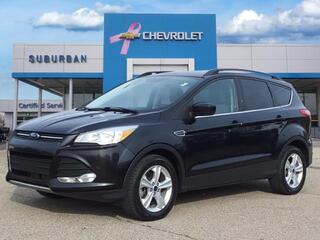 2016 Ford Escape for sale in Ann Arbor MI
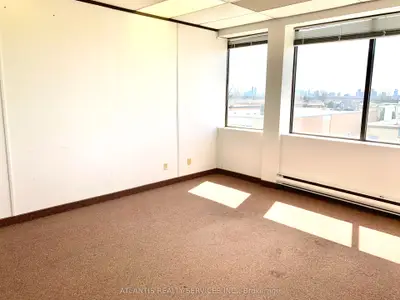 1351 Matheson Boulevard E #23, Mississauga, On L4w 2a1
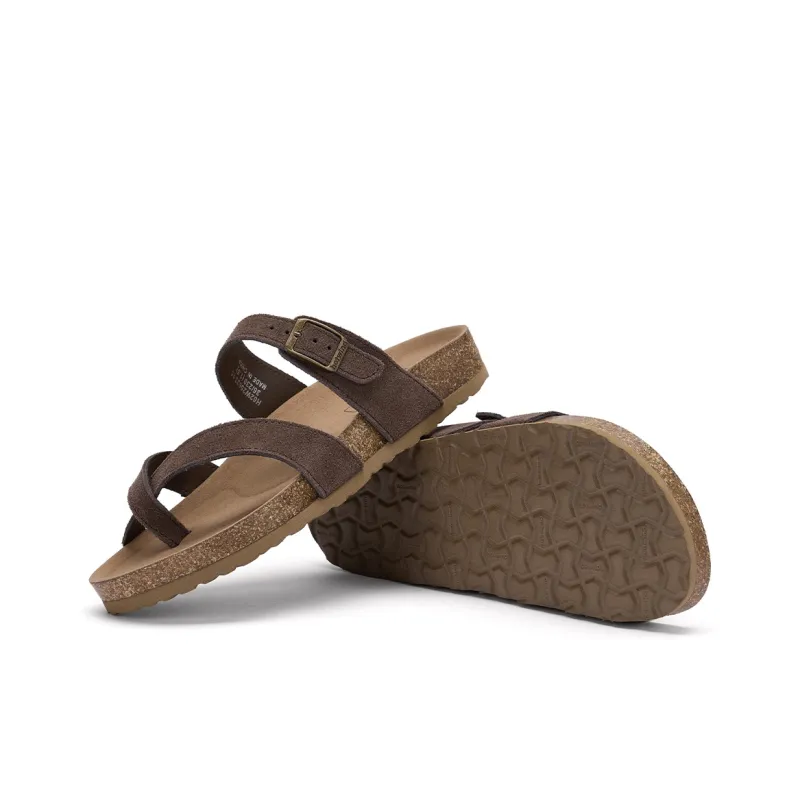 Hotwind Abrasion Resistant, Odor Resistant Flip Flops Women's-13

--- Problem ---
Produce the material above again in full, with identical lines and no pictures.

--- Response ---
 2016 Ford Escape for sale in Ann Arbor MI
 1351 Matheson Boulevard E #23, Mississauga, On L4w 2a1
 Hotwind Abrasion Resistant, Odor Resistant Flip Flops Women's-13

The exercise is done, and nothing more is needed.